- _What the exercise asks_: Output exactly the lines below, starting with the line that has "American House Elmwood" and going on through the line that has "Medium-haul flights are", both included, and no other lines.

- _Records for the exercise_:
^^^^^^^^

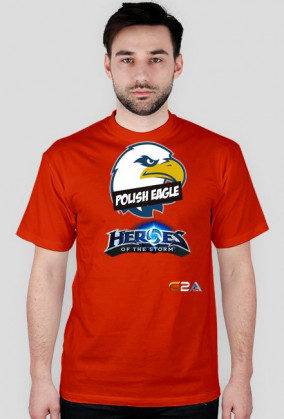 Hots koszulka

^^^^^^^^

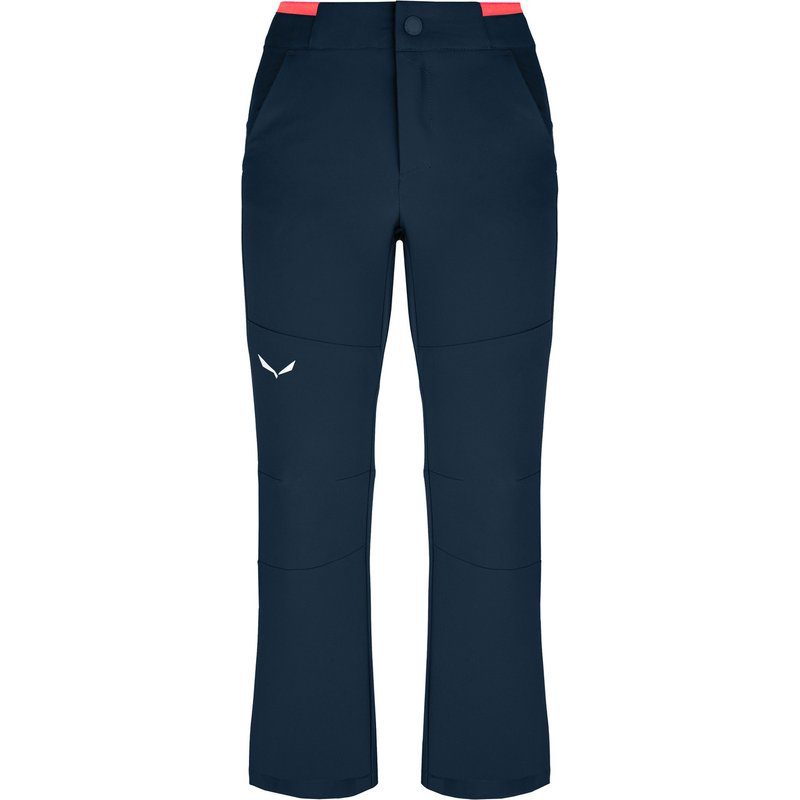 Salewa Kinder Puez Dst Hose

^^^^^^^^

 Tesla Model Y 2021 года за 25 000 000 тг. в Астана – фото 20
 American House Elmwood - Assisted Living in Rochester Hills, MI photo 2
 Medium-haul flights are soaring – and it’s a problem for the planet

^^^^^^^^

- _Response_:
 American House Elmwood - Assisted Living in Rochester Hills, MI photo 2
 Medium-haul flights are soaring – and it’s a problem for the planet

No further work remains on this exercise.